Stanislas Guérini veut réformer la fonction publique pour contrer le « statu quo » : un argument hasardeux

POLITIQUE - À peine esquissée, déjà conspuée. Avec plusieurs mois de retard sur le calendrier initial, le gouvernement a lancé début avril une nouvelle concertation pour réformer la fonction publique d’ici l’automne. Ce mercredi 10, le ministre de la Fonction publique Stanislas Guérini est venu en défendre l’utilité sur France Inter, n’hésitant pas à invoquer l’esprit de la Déclaration des droits de l’Homme et du Citoyen pour le faire.

Au programme dans cette réforme : accentuer la rémunération au mérite des fonctionnaires, suppression des catégories A,B et C, faciliter les mutations d’une branche à l’autre de la fonction publique (État, collectivités, hôpitaux) mais aussi et surtout « lever le tabou du licenciement », selon les déclarations du ministre au Parisien le 9 avril.

Cette déclaration a immédiatement provoqué un tollé, que Stanislas Guérini a tenté d'éteindre sur France Inter ce mercredi. « Le statut de la fonction publique, c’est la garantie de l’emploi. Je ne souhaite pas le remettre en cause », a-t-il déclaré, assurant qu’il n’était pas question de créer des « licenciements économique ».

Il a cependant insisté sur la nécessité d’une réforme. « La fonction publique ce n’est pas une entreprise privée. C’est un statut de la fonction publique. Je pense qu’il faut le préserver. (...) Est-ce que ça veut dire qu’il ne faut rien bouger ? Est-ce que ça veut dire que le statut doit être le statu quo ? Je ne pense pas », fait-il valoir. Avant d’évoquer, sur le sujet du licenciement, deux motifs possibles aujourd’hui dans le secteur mais très peu appliqués car « mal défini » selon lui : « l’insuffisance professionnelle », évoquée dans 13 procédures en 2022 et « la révocation pour faute », utilisée 222 fois.

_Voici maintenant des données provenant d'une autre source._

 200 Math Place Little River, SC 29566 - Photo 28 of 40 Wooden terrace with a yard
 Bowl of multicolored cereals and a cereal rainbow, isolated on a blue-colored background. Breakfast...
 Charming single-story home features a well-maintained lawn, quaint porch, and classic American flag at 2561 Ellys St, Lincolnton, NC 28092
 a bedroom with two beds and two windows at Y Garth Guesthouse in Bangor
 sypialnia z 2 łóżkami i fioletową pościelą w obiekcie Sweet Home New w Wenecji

« Les agents publics sont les premiers à me dire qu’ils veulent un système qui soit juste, qui récompense mieux l’engagement, qui puisse justement récompenser le travail et qui au fond soit capable de distinction. Je tire cette inspiration au fond de la Déclaration des droits de l’homme et du citoyen, ce sont des vertus, ce sont des talents », a-t-il souligné.

Le « statu quo » qui n’en est pas un ?

Ces arguments ont cependant été rapidement mis à mal, notamment sur l’absence d’évolution présumée et sur le « statu quo » dans le régime de la fonction publique. En 2019 notamment, le gouvernement d’Édouard Philippe avait déjà porté une loi de « transformation » de la fonction publique, actant notamment la suppression de l’ENA et toujours décriée par les syndicats.

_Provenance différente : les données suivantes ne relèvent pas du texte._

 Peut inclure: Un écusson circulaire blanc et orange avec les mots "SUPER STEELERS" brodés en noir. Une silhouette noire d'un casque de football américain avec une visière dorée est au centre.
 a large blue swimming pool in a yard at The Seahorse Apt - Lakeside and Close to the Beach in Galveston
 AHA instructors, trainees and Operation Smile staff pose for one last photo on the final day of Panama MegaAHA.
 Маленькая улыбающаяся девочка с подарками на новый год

En parallèle, de multiples décrets portant sur des modifications très précises ont aussi été publiés. En 2019, dans son ouvrage Le statut de la fonction publique : protection ou immobilisme ? , le professeur de droit public Antony Taillefait estimait déjà à 300 le nombre de modifications des statuts enregistrés depuis 1986. Une estimation à revoir obligatoirement à la hausse puisqu’en août 2022 un décret a été publié sur l’organisation des carrières des fonctionnaires de la catégorie B ; puis un autre fin décembre 2023 sur l’assouplissement du mécanisme de promotion interne des agents des collectivités territoriales selon une rapide recherche non exhaustive.

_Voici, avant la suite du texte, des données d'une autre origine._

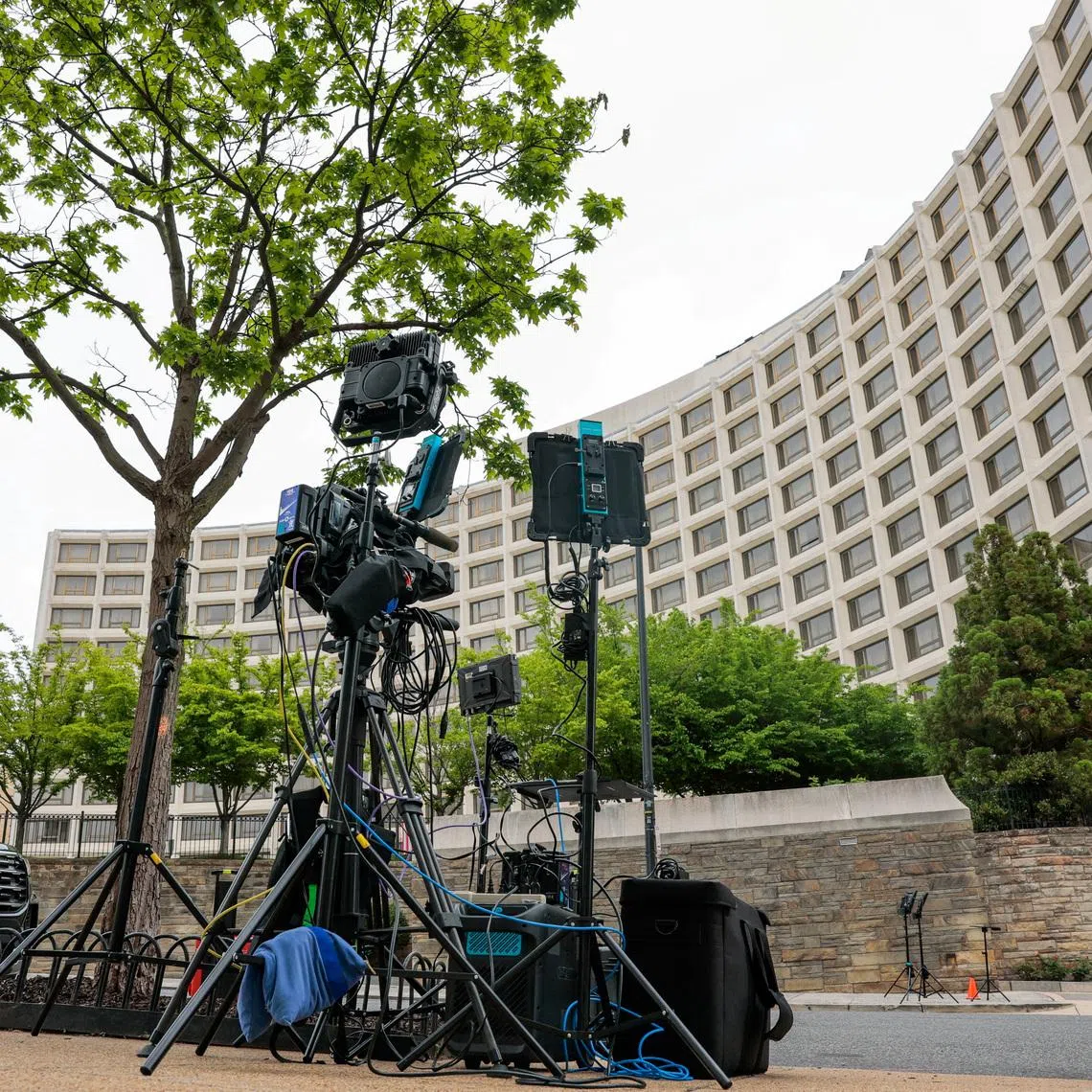 Media broadcasting equipment is placed on a sidewalk near the Washington Hilton hotel, where a shooting incident occurred yesterday night at the annual White House Correspondents' Association dinner, in Washington, D.C., U.S., April 26, 2026. REUTERS/Kylie Cooper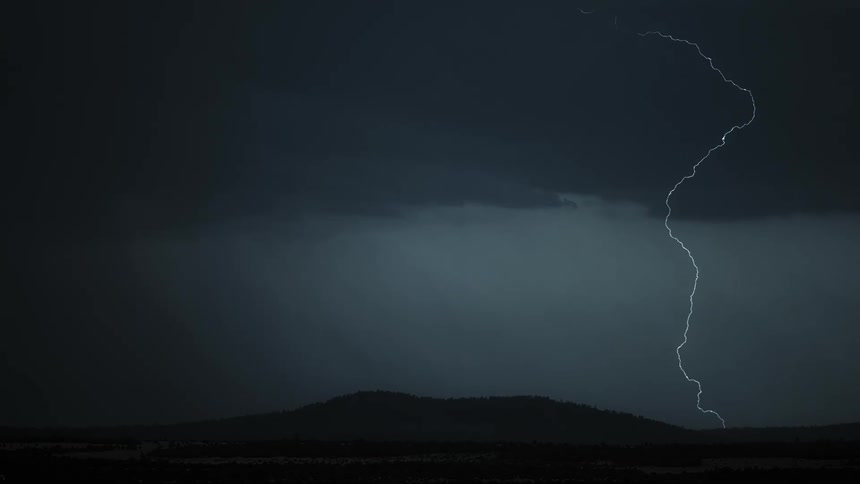 Bolts of lightning strike the ground beneath ominous and gray storm clouds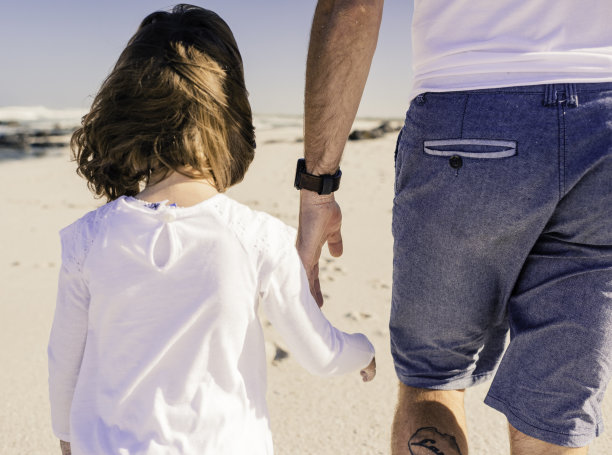 背影小女孩拉着父亲的手，他们走下海滩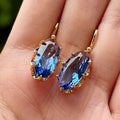 Aretes Flor Azul Dorada | Oro
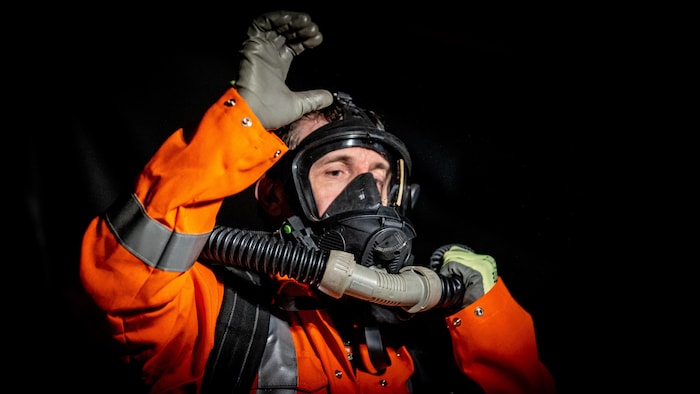 Un sauveteur minier lève la main determination indiquer que lad respirateur est fonctionnel.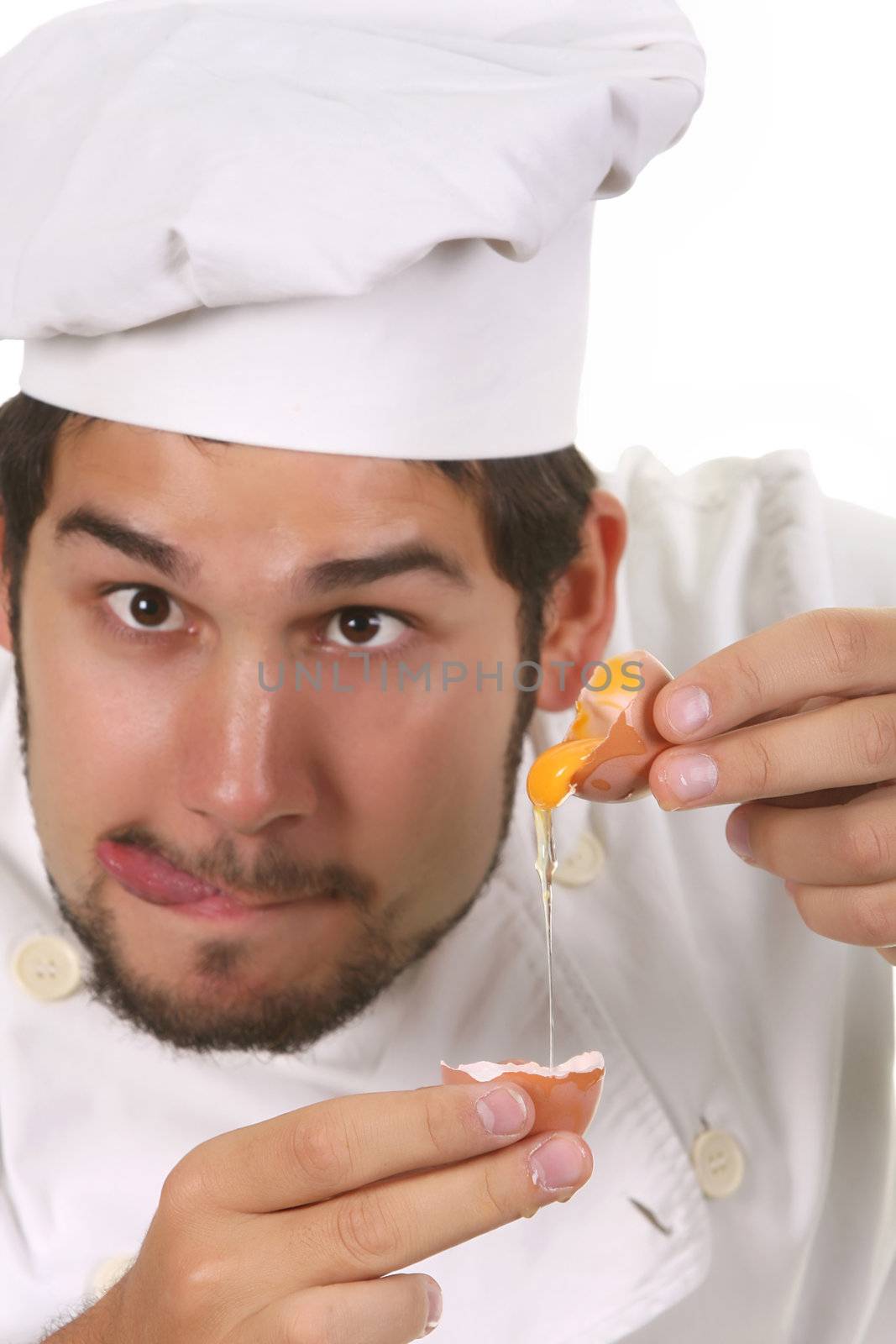 young funny chef cracking an egg, focus on egg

En parallèle, les oppositions, comme vous pouvez le voir dans la vidéo en tête d’article, ont raillé les propos du ministre sur les licenciements pour insuffisance professionnelle. « Pour ma part, je veux qu’on lève le tabou de l’incompétence de ce gouvernement », a ironisé la députée LFI Clémentine Autain sur X, quand Olivier Marleix, président du groupe LR à l’Assemblée, demandait « sans malice » sur franceinfo « est-ce que cela vaudra pour les ministres incompétents ? », en référence à la gestion budgétaire de Bruno Le Maire critiquée par la droite.